To Gather Data Is Human
We like to think we are data-driven. From large-scale government or business operations to individuals managing their budget, people justify decisions based on data. Our devices gather data to enable entities to aggregate vast amounts of data which are processed, analyzed, and correlated in order to draw conclusions. Data science (DS), machine learning (ML), and artificial intelligence (AI) all process large amounts of data to make decisions. SlashData has recently published its annual State of the Developer Nation Survey, which includes a section devoted to developers of machine learning applications and the type of data they use.
In this survey, data is defined according to two types: structured tabular data, and unstructured data, both of which can consist of images, video, audio and text. Structured tabular data is organized into rows and columns, and the unstructured data is, well, unstructured.
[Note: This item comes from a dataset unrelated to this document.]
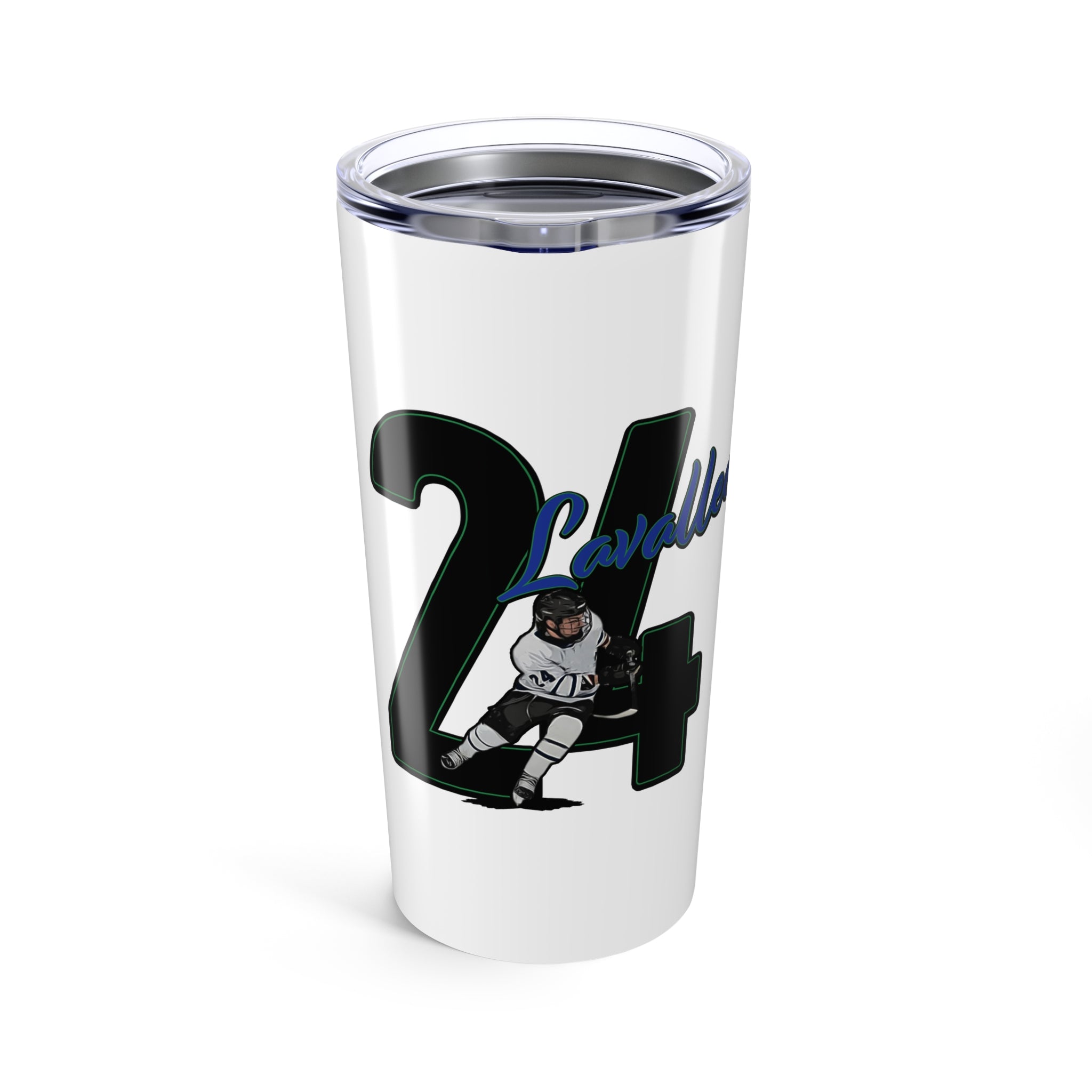Riley Lavallee Tumbler Mug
The survey further defines the types of developers using the data as either professionals or students/hobbyists, although the people in either category can belong to both (Table 1). While either category will use any type of data, 72% of students and 68% of professionals are focused on image classification; 38% of students and 32% of professionals are focused on natural language processing. Key applications in the visual category involve augmented and virtual reality development in games, medical imaging, and facial recognition for intelligence and security applications.
Table 1. The professional/hobbyist/student mix in the ML/AI/DS ecosystem.
Unstructured text data is the most popular data among ML developers, and tabular data is a close second (Table 2). The most popular uses for tabular data are workforce planning and resource allocation. With all of the upheaval in global supply chains due to the COVID-19 pandemic, more effective planning tools will depend on AI and ML to smooth out inconsistencies in supply and demand.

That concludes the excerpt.